Crise de l’électricité dans Gaza : « Nous voulons mettre fin à ce cauchemar ! »

Photo : Al Jazeera/Ezz Zanoon
Des manifestants dans le camp de réfugiés de Jabaliya au nord de Gaza se rassemblent pour protester contre les coupures d'électricité - Photo : Al Jazeera/Ezz Zanoon

Par Farah Najjar

Malgré une amélioration de l’approvisionnement en énergie, les Palestiniens du territoire sous blocus disent que des solutions durables doivent être mises en œuvre.

“Nos vies sont arrêtées en raison des coupures de courant”, a déclaré à Al Jazeera Shukri Abu Oan, un militant basé à Gaza.

Les frustrations se sont amplifié plus tôt ce mois-ci quand les coupures de courant continues ont laissé des maisons dans Gaza sans électricité pendant jusqu’à 21 heures par jour.

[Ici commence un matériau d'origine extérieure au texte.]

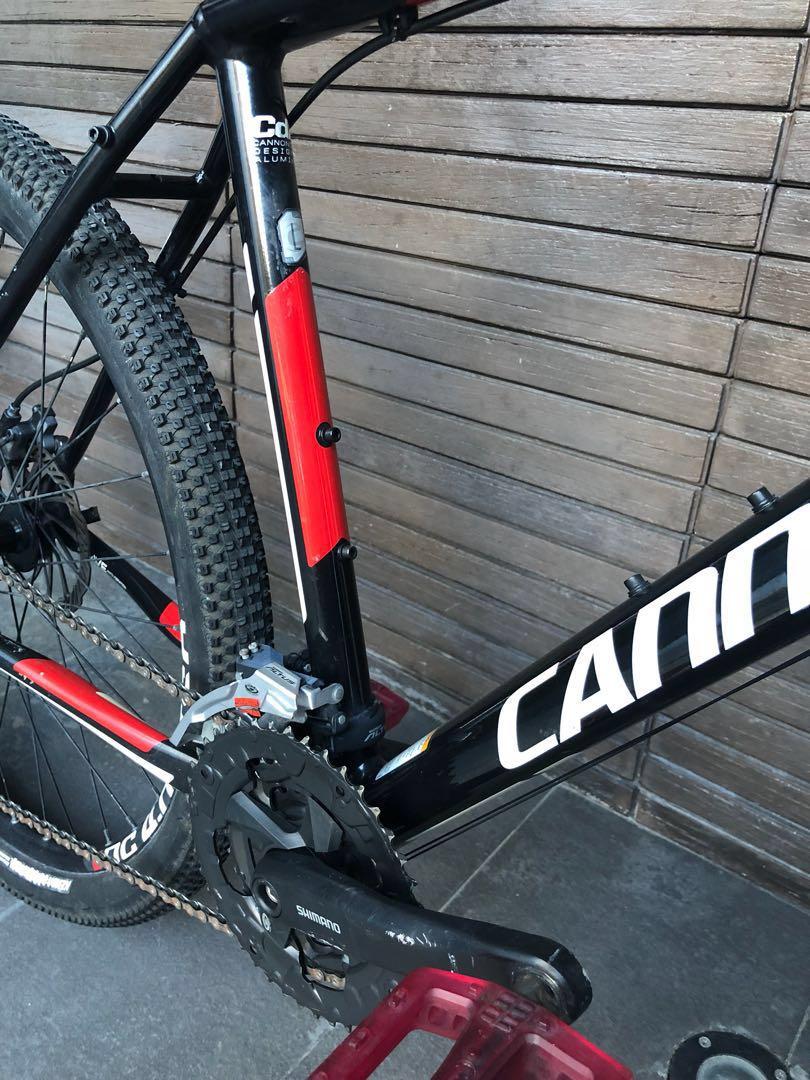 Cannondale trail cheap 2014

Des milliers de résidents ont pris la rue pour exprimer leur mécontentement lors des premières manifestations de masse que l’enclave assiégée a connues depuis près d’une décennie.

Depuis ces manifestations, Gaza a reçu un approvisionnement électrique basé sur de nouveaux horaires de distribution, mais que temporaire, offrant huit heures d’électricité à la fois.

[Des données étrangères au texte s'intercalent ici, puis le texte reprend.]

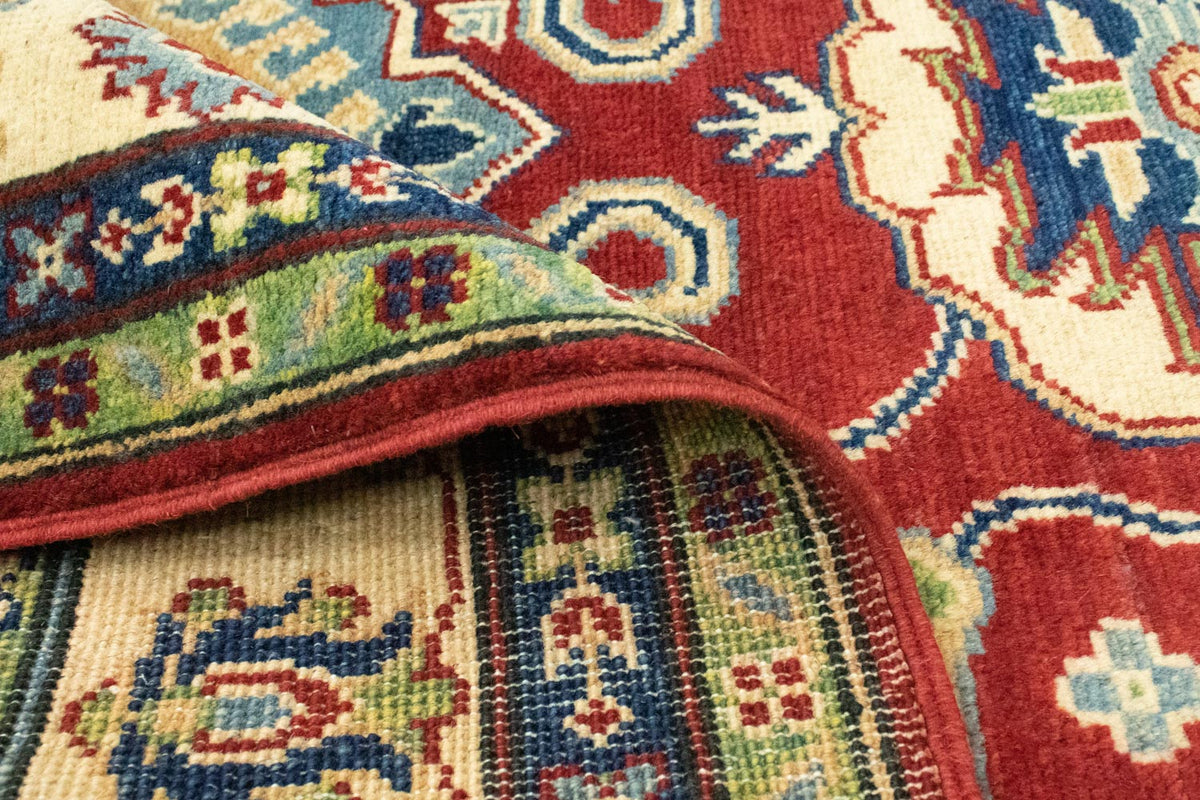 Tappeto Ziegler - Kazak - 177 x 119 cm - rosso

Mais les habitants disent que l’incohérence dans l’approvisionnement a perturbé la vie quotidienne.

“Je vois ma mère souffrir, et j’ai huit frères et sœurs qui ne peuvent jamais se concentrer sur leurs devoirs en raison du manque de lumière.” “Cela entraîne une détérioration de la qualité de l’éducation dans le territoire”, a déclaré Abu Oan, l’un des organisateurs des protestations.

Gaza a été sous un siège de dix ans imposé par Israël à la suite de la victoire électorale du Hamas et sa prise de contrôle de la bande en 2007. Avec de sévères restrictions sur l’entrée de nourriture et l’accès aux services de base, Gaza a été surnommée la plus grande prison en plein air, et son économie tente depuis de ne pas totalement sombrer.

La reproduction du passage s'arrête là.